Admiraba a Poe y Gautier. Escribía versos de ritmos extraños y pensamientos oscuros ya en el liceo. Sentía entonces adversión por la poesía latina.

En una ocasión, Hinstin, que reprochaba a Ducasse sus exageraciones de pensamiento y estilo, leyó una composición suya en clase. Alicot, uno de sus compañeros, dice al respecto: Las primeras frases, muy solemnes, al principio lo hicieron reir (a Hinstin), pero pronto se enojó. Ducasse no había cambiado de manera, sino que la había agravado singularmente. Nunca hasta entonces había dado rienda suelta a su desenfrenada imaginación.

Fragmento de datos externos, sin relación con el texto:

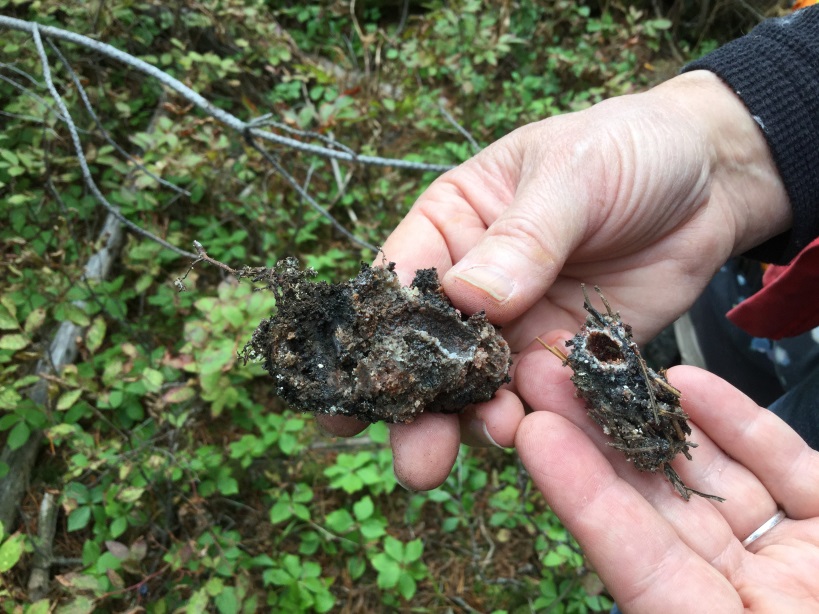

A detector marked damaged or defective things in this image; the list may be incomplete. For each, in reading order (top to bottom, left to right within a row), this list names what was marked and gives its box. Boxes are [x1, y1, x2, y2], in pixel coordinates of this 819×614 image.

damaged wood piece [242, 258, 512, 424]
damaged wood piece [540, 286, 728, 502]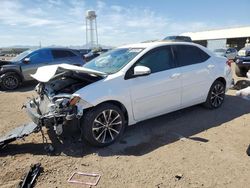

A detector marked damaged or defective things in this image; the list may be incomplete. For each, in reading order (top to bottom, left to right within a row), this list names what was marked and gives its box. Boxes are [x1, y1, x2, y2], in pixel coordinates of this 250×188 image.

No había una sola frase cuyo pensamiento, hecho en cierto modo de imágenes acumuladas, de metáforas incomprensibles, no fuese por añadidura oscurecido por invenciones verbales y forma de estilo que no siempre respetaban la sintaxis. Hinstin, clásico puro, cuya fina crítica no deja pasar error de gusto literario alguno, creyó que se trataba de una especie de desafio lanzado a la enseñanza clásica, una broma maligna al profesor. Contrariamente a sus hábitos de indulgencia, lo castigó privándole de salida. El castigo hirió profundamente a nuestro condiscípulo; se quejó con amargura, por ese motivo, a mí a y mi amigo Georges Minvielle. Intentamos hacerle comprender que había excedido por mucho la medida.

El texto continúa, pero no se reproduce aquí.